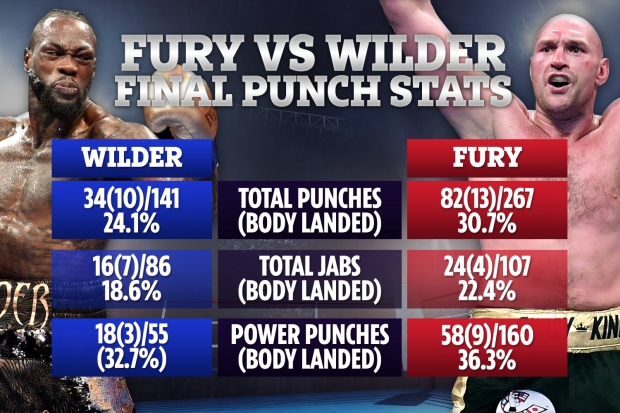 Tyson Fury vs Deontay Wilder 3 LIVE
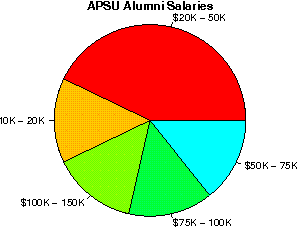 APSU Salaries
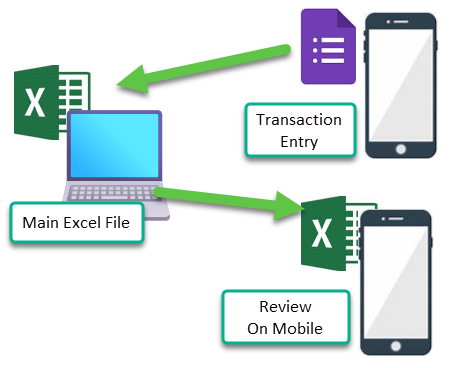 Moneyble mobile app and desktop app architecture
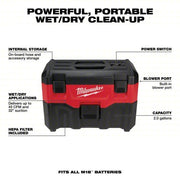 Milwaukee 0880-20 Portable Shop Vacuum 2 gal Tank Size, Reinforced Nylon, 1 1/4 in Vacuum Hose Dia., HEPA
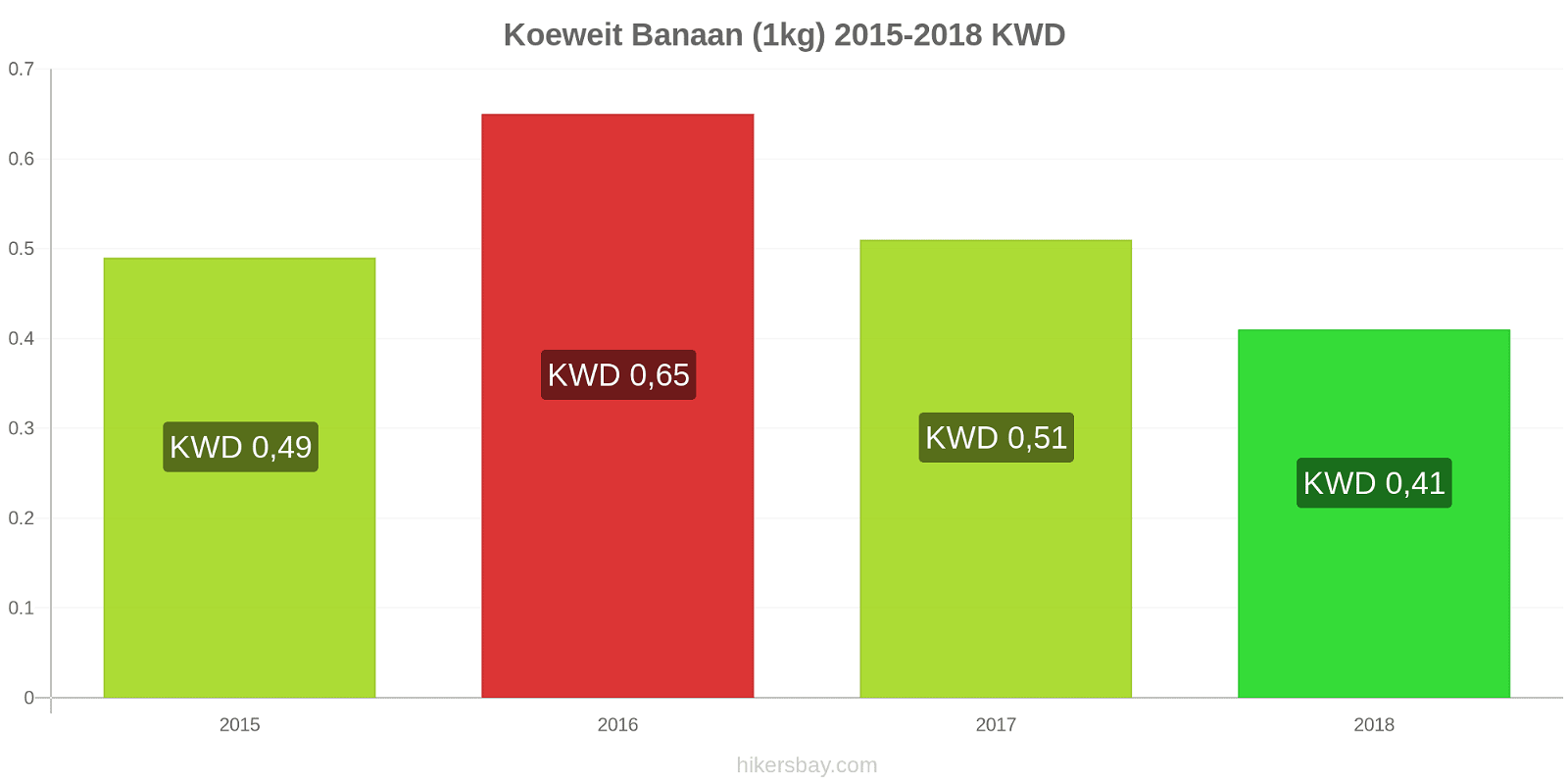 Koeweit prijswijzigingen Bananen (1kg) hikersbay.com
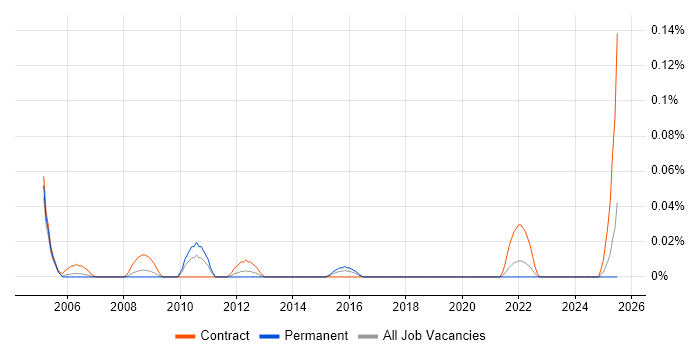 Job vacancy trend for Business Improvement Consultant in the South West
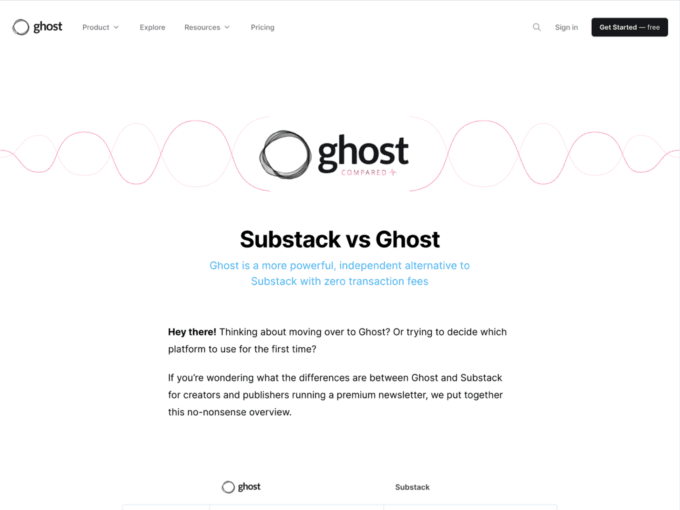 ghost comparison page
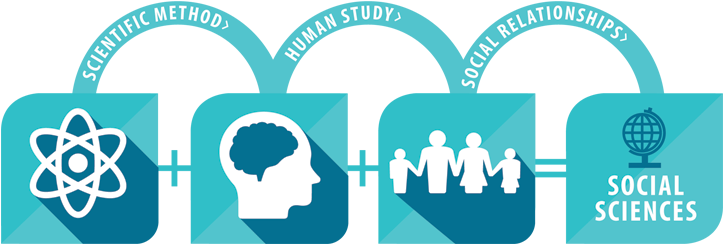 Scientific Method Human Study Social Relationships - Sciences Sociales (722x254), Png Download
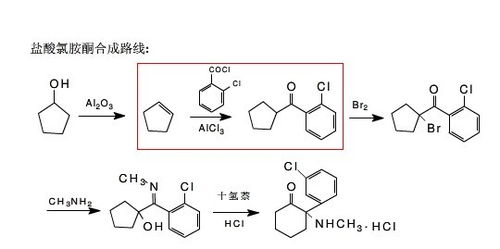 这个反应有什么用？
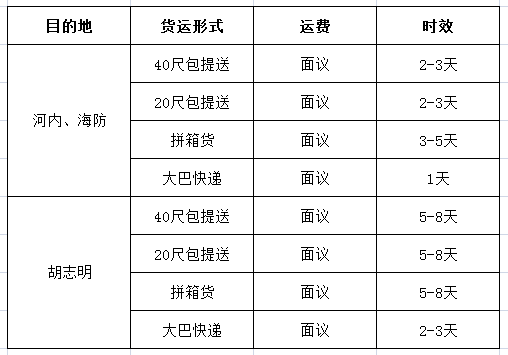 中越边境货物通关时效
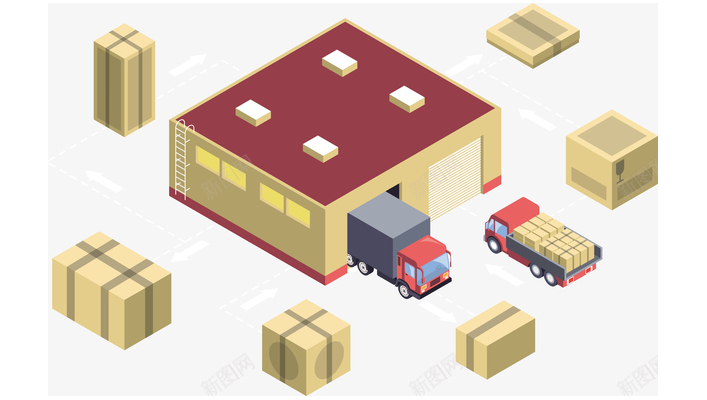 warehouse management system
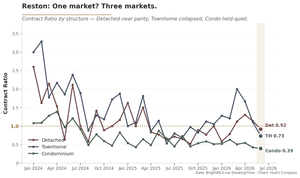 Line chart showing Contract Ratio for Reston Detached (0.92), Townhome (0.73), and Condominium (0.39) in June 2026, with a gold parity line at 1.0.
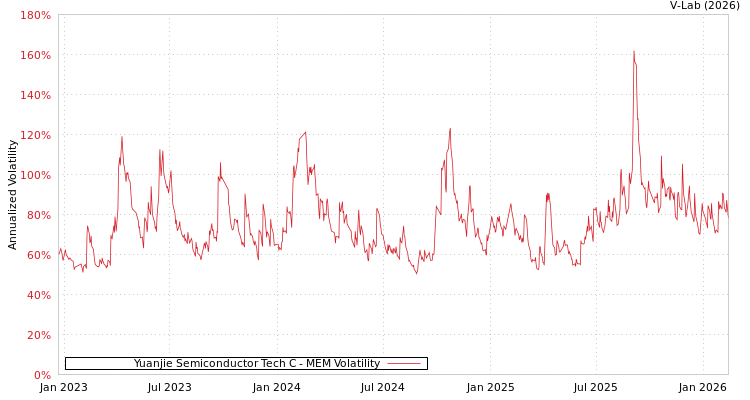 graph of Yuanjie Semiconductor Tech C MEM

===

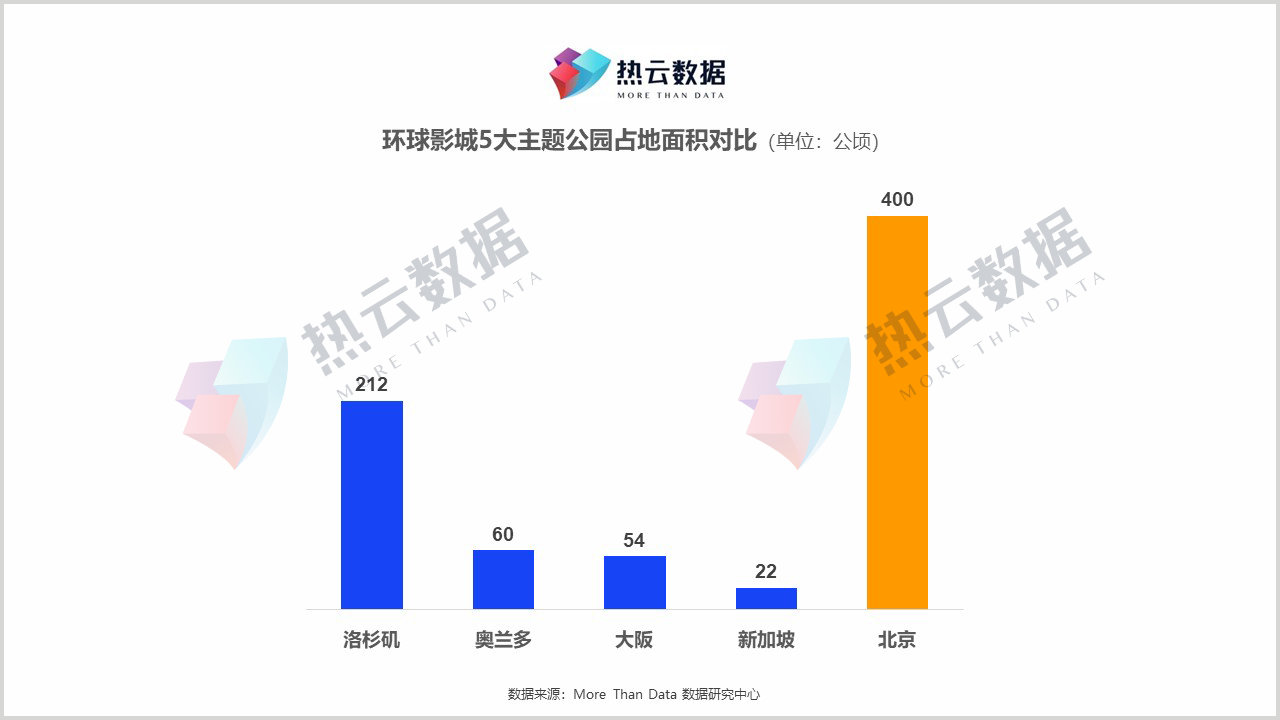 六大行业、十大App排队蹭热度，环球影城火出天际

===

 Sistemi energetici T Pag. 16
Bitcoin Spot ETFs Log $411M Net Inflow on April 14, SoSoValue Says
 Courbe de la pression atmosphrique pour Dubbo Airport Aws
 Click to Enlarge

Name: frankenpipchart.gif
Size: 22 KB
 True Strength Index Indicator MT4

===

ACTION ITEM: Wherever the line holding "Sistemi energetici T Pag. 16" falls in the entries above, copy exactly from it through the line holding "True Strength Index Indicator MT4", inclusive, and add nothing.

ANSWER SECTION:
 Sistemi energetici T Pag. 16
Bitcoin Spot ETFs Log $411M Net Inflow on April 14, SoSoValue Says
 Courbe de la pression atmosphrique pour Dubbo Airport Aws
 Click to Enlarge

Name: frankenpipchart.gif
Size: 22 KB
 True Strength Index Indicator MT4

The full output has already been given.